Now they remembered the old times when they had been on fire for God. Many wept aloud. Jesus saw how sad they were and sent them a message of cheer. In one of the evening meetings, Ellen White was given a vision. During which she slowly and solemnly repeated the words, “Return unto Me, and I will return unto you. I will heal your backslidings and love you freely. Tear down the rubbish from the door of your hearts and open the door, and I will come in and sup with you and you with Me.” The words reminded the repentant group that God still loved them, and everyone felt encouraged.
Mary Loughborough stood up and said, Brother and Sister white, I thought we had gotten where you could not find us; but I am glad you have come. I have sinned and have made my husband to sin. God forgive me! I clear away the rubbish. I open the door of my heart. Lord Jesus come in!”
One of the men confessed that at times there had been so much farm work that he had used the sacred Sabbath hours for weekday toil. Another said he had cut down his offerings because he had wanted more money to invest in land. One after another the members made wrongs right and asked forgiveness for unkind things they had said and done.
Mrs. Loughborough stepped to her husband’s side. ”John,” she said, “I complained because you were away preaching so much of the time and I was left at home alone. Forgive me! Go back, trusting in God, and do His work.”
“I have laid down my hammer and driven the last nail,” her husband answered.
John Andrews also renewed his promise to return to the special work to which God had called him.
The meeting continued till midnight. At ten o’clock in the morning, the Adventists met for seven more hours without even stopping for lunch.
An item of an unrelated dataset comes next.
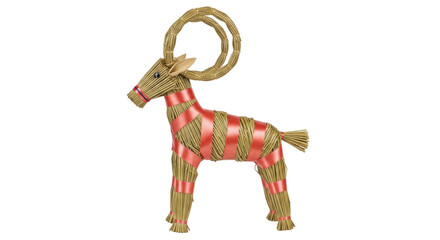 Isolated Straw Yule Goat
During the meeting one brother prayed especially for his son, who had denied any faith in the Bible. The father’s prayer was answered. A short time afterward, as that young man was traveling by steamer along the Mississippi, he was detained at a place called Rock Island. He went ashore. With nothing else to do, he began to think seriously. Was there really a God? How could he know? Then he heard a voice speaking in real words that he could hear with his ears, “Believe the Bible, it is the Word of God.” At once he answered aloud, “Yes Lord I will.”
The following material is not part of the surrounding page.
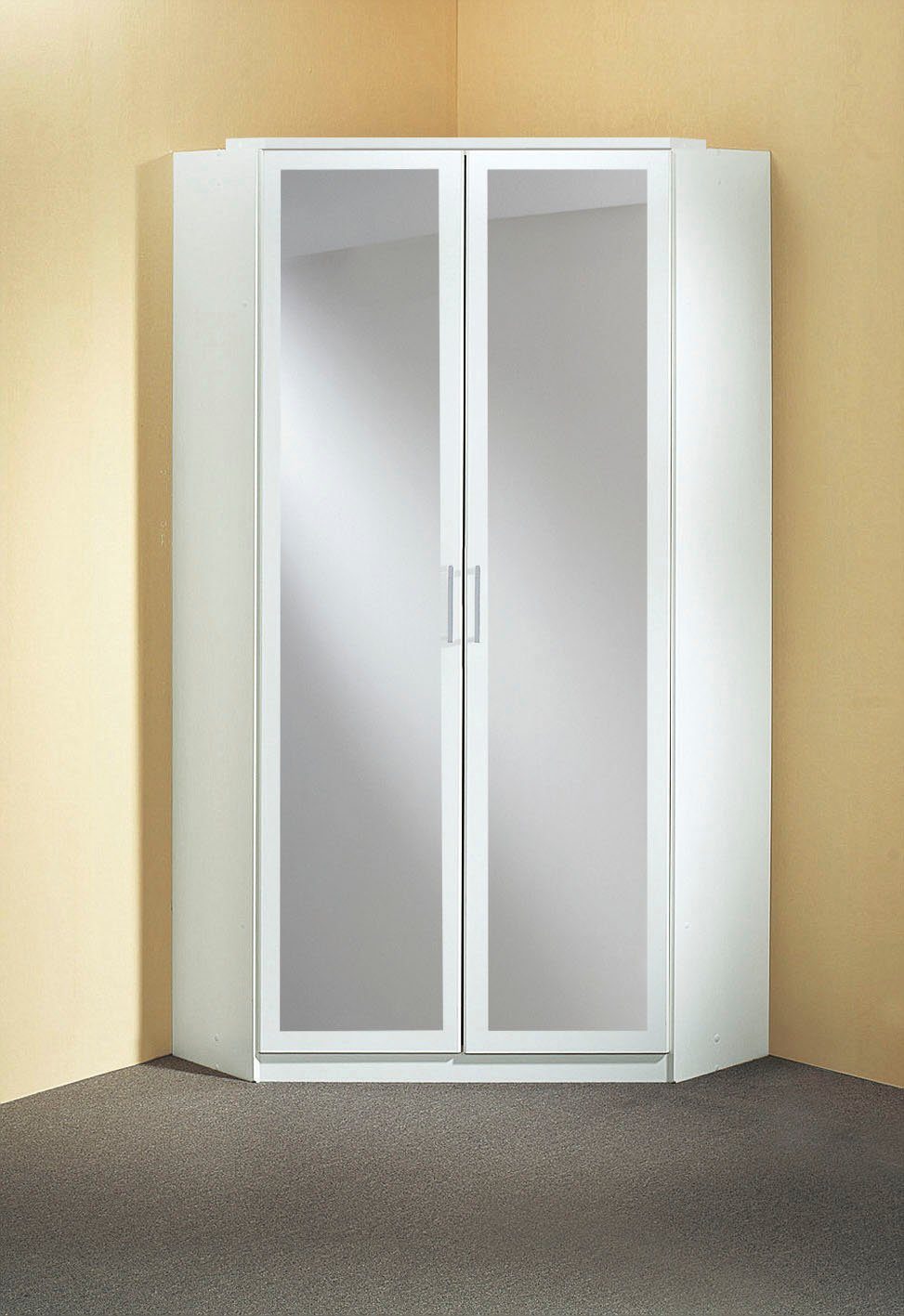 Wimex Eckkleiderschrank weiß 2 Spiegeltüren mit Click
Back at the ship he knelt in his cabin and gave his heart to God. After that he returned home and helped with the farming, at the same time giving Bible lectures and holding studies with his neighbors. Later he became a fulltime minister. That young man was George I. Butler, who for many years was the president of the General Conference.
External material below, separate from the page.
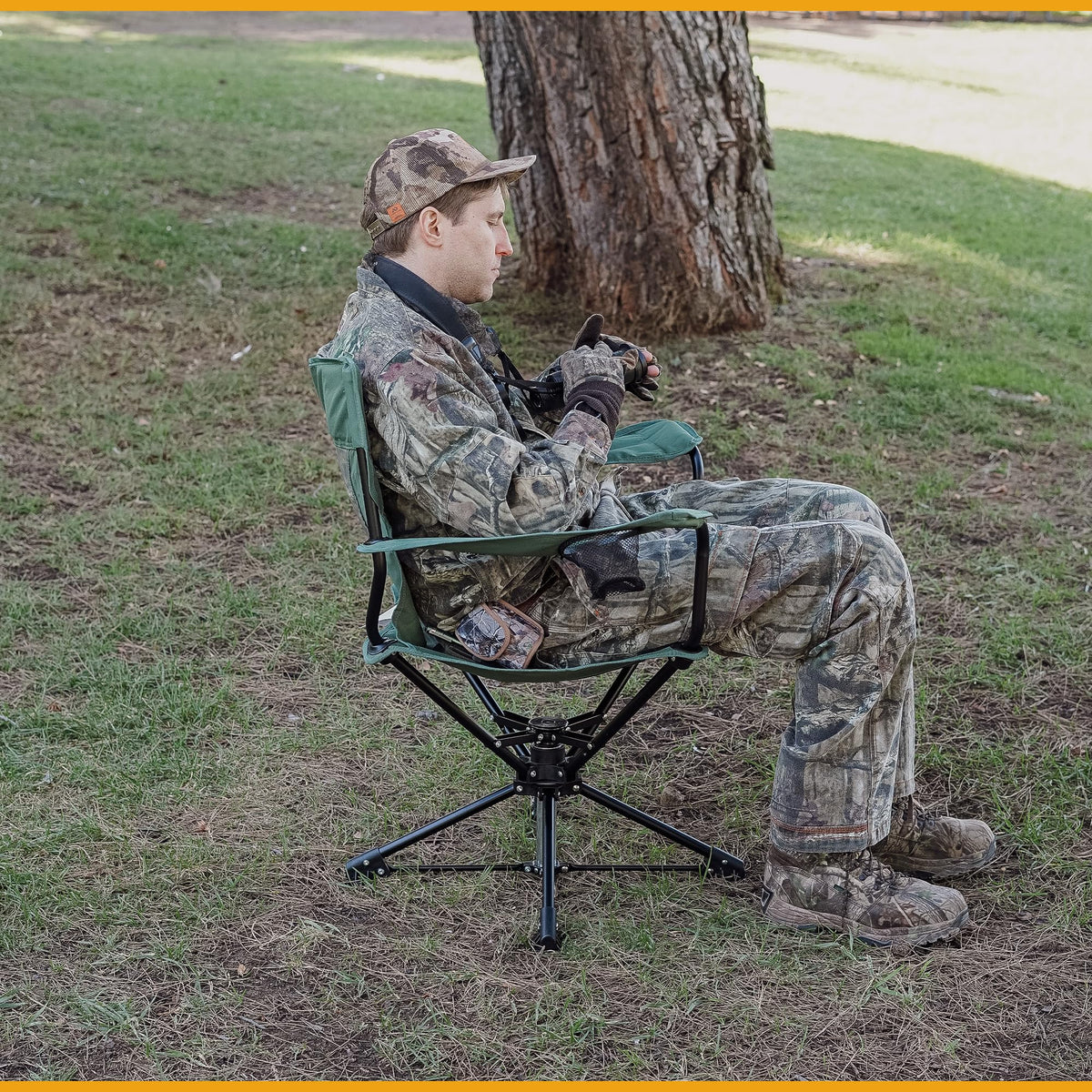 ARROWHEAD OUTDOOR 360° Degree Swivel Hunting Chair Stool Seat, Perfect for Blinds, No Sink Feet, Supports up to 450lbs, Carrying Case, Steel Frame, Fishing, High-Grade 600D Canvas, USA-Based Support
When the Waukon company waved good-bye to their visitors from Illinois, tears were falling. Every one of them had pledged to make God first in all things. Never again would they allow the “cares of this world, and the deceitfulness of riches” to hide his face from them.
John Loughborough returned with the Whites, forsaking his carpentry work with its good wages and not knowing what lay before him. He was willing to go anywhere and do anything for Christ.
Starting with the others on the two-hundred-mile journey through storm and cold, he was thinking not about himself, but Mary, his wife. Bravely she must now face the hardships of pioneer life without his companionship and help. During the remainder of the winter he spent much time visiting scattered believers. In a few months Mary joined him. For a time they traveled and worked with Elder and Mrs. White. During the summers Elder Loughborough would go out with a tent, conducting evangelistic meetings in new places.
John Andrew remained in Waukon until he had regained his health. Then he came back into God’s work. Never again did any difficulties cause either of these men to leave the gospel service.
As the sleigh sped homeward over the snow, Elder White said, “I feel many times repaid for facing the prairie wind and storms.” His companions drew their overcoats closer around them and tucked in their lap robes. Truly, God had blessed them. His love warmed their hearts.